# Feeding my plants?



## Stefler (Jun 12, 2010)

im not sure im doing this right! i have a 10 gal tank with 3 medium light plants and a low light plant. 2 of my plants didt start off doing too well untill i started using my seachem. but one of them is budding but the other one looks like its not gonna make it.

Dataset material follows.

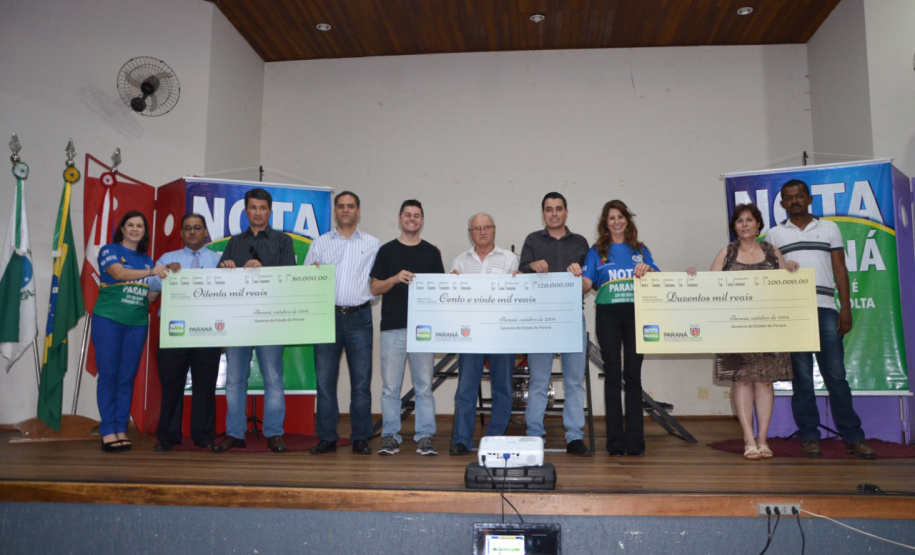 Nota Paraná premia vencedores durante Seminário de Educação Fiscal. Foto: Divulgação/SESA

i have 2 fluorescent 15W "Daylight" bulbs
i use seachem's Flourish nutrient mix and flourish potassium twice a week
also im injecting co2 into my tank using the yeast method

my substrate does not have nutrients in it and what i have read some ppl bury "Food" in the substrate next to the plants should i do this aswell?


----------



## charking (Aug 12, 2009)

i'ma keep an eye on this thread i'm curious to what i need too


----------



## charking (Aug 12, 2009)

i have been to my lfs today ( a well trusted one ) & the recommended me JBL Florapol (for substrate) & JBL 24 Ferropol ( daily fertiliser ) the Florapol they said should last about 12 months and the Ferropol treats 10,000 litres.. the only thing is it is daily.. which i dont mind but some people might? hope this helps.. i'll let you know how i get on with it. rooted plants take their nutrients from their roots (i.e the gravel) so if your rooted plants arent doing too great i would try some tabs, or a substrate as they might not be getting enough waste from fishes. or maybe your other plant is stavring the one thats not doing to great?


----------



## Stefler (Jun 12, 2010)

awesome thanks thats what im going to do as well then!


----------